▶ **Required action**: Write the entries again exactly, with no line missing.

▶ **Source material**:
--- START ---

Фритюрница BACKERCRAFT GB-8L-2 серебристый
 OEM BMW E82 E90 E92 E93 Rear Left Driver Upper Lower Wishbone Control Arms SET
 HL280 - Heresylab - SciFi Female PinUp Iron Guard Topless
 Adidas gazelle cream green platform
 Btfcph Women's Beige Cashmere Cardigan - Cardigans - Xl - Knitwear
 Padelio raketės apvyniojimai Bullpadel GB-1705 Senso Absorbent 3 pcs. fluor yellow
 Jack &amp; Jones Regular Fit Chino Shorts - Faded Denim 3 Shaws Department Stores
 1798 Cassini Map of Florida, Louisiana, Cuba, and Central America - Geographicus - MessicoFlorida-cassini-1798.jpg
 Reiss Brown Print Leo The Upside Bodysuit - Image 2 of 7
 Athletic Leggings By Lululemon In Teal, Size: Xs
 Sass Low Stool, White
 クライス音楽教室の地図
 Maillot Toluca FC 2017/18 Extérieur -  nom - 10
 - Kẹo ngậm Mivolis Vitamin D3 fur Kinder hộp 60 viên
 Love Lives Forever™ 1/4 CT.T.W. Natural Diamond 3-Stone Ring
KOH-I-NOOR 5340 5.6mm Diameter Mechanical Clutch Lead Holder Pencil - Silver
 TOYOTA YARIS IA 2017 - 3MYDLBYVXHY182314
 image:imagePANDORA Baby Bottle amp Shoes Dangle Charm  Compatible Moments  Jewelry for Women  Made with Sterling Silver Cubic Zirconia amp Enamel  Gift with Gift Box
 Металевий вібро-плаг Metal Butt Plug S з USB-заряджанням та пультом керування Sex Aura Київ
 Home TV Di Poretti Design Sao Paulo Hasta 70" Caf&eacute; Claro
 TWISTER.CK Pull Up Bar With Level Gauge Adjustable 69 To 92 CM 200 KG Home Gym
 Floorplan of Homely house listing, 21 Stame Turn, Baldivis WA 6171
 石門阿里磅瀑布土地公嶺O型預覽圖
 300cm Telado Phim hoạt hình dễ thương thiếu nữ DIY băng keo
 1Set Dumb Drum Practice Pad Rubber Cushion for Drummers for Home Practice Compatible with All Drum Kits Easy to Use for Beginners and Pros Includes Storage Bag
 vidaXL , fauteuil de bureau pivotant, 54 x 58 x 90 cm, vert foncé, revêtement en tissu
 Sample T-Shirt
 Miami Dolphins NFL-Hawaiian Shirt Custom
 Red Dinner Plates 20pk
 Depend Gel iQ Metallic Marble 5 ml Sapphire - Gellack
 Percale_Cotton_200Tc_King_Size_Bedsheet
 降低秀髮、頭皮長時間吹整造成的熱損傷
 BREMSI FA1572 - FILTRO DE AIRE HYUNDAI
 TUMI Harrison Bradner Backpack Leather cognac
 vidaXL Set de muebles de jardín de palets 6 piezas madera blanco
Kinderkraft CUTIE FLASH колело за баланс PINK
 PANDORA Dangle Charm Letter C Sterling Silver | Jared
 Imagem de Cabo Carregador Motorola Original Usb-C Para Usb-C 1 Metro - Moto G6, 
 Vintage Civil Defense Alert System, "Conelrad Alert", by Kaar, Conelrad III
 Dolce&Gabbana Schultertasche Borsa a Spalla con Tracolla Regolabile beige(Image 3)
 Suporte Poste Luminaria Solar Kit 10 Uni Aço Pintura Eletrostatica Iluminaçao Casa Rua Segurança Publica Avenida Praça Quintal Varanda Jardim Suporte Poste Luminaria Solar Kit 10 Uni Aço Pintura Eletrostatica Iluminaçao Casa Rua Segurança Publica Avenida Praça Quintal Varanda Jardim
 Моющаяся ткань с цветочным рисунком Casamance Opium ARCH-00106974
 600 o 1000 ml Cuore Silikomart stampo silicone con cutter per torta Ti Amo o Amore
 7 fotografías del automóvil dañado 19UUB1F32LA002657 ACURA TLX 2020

--- END ---

▶ **Task solution**:
Фритюрница BACKERCRAFT GB-8L-2 серебристый
 OEM BMW E82 E90 E92 E93 Rear Left Driver Upper Lower Wishbone Control Arms SET
 HL280 - Heresylab - SciFi Female PinUp Iron Guard Topless
 Adidas gazelle cream green platform
 Btfcph Women's Beige Cashmere Cardigan - Cardigans - Xl - Knitwear
 Padelio raketės apvyniojimai Bullpadel GB-1705 Senso Absorbent 3 pcs. fluor yellow
 Jack &amp; Jones Regular Fit Chino Shorts - Faded Denim 3 Shaws Department Stores
 1798 Cassini Map of Florida, Louisiana, Cuba, and Central America - Geographicus - MessicoFlorida-cassini-1798.jpg
 Reiss Brown Print Leo The Upside Bodysuit - Image 2 of 7
 Athletic Leggings By Lululemon In Teal, Size: Xs
 Sass Low Stool, White
 クライス音楽教室の地図
 Maillot Toluca FC 2017/18 Extérieur -  nom - 10
 - Kẹo ngậm Mivolis Vitamin D3 fur Kinder hộp 60 viên
 Love Lives Forever™ 1/4 CT.T.W. Natural Diamond 3-Stone Ring
KOH-I-NOOR 5340 5.6mm Diameter Mechanical Clutch Lead Holder Pencil - Silver
 TOYOTA YARIS IA 2017 - 3MYDLBYVXHY182314
 image:imagePANDORA Baby Bottle amp Shoes Dangle Charm  Compatible Moments  Jewelry for Women  Made with Sterling Silver Cubic Zirconia amp Enamel  Gift with Gift Box
 Металевий вібро-плаг Metal Butt Plug S з USB-заряджанням та пультом керування Sex Aura Київ
 Home TV Di Poretti Design Sao Paulo Hasta 70" Caf&eacute; Claro
 TWISTER.CK Pull Up Bar With Level Gauge Adjustable 69 To 92 CM 200 KG Home Gym
 Floorplan of Homely house listing, 21 Stame Turn, Baldivis WA 6171
 石門阿里磅瀑布土地公嶺O型預覽圖
 300cm Telado Phim hoạt hình dễ thương thiếu nữ DIY băng keo
 1Set Dumb Drum Practice Pad Rubber Cushion for Drummers for Home Practice Compatible with All Drum Kits Easy to Use for Beginners and Pros Includes Storage Bag
 vidaXL , fauteuil de bureau pivotant, 54 x 58 x 90 cm, vert foncé, revêtement en tissu
 Sample T-Shirt
 Miami Dolphins NFL-Hawaiian Shirt Custom
 Red Dinner Plates 20pk
 Depend Gel iQ Metallic Marble 5 ml Sapphire - Gellack
 Percale_Cotton_200Tc_King_Size_Bedsheet
 降低秀髮、頭皮長時間吹整造成的熱損傷
 BREMSI FA1572 - FILTRO DE AIRE HYUNDAI
 TUMI Harrison Bradner Backpack Leather cognac
 vidaXL Set de muebles de jardín de palets 6 piezas madera blanco
Kinderkraft CUTIE FLASH колело за баланс PINK
 PANDORA Dangle Charm Letter C Sterling Silver | Jared
 Imagem de Cabo Carregador Motorola Original Usb-C Para Usb-C 1 Metro - Moto G6, 
 Vintage Civil Defense Alert System, "Conelrad Alert", by Kaar, Conelrad III
 Dolce&Gabbana Schultertasche Borsa a Spalla con Tracolla Regolabile beige(Image 3)
 Suporte Poste Luminaria Solar Kit 10 Uni Aço Pintura Eletrostatica Iluminaçao Casa Rua Segurança Publica Avenida Praça Quintal Varanda Jardim Suporte Poste Luminaria Solar Kit 10 Uni Aço Pintura Eletrostatica Iluminaçao Casa Rua Segurança Publica Avenida Praça Quintal Varanda Jardim
 Моющаяся ткань с цветочным рисунком Casamance Opium ARCH-00106974
 600 o 1000 ml Cuore Silikomart stampo silicone con cutter per torta Ti Amo o Amore
 7 fotografías del automóvil dañado 19UUB1F32LA002657 ACURA TLX 2020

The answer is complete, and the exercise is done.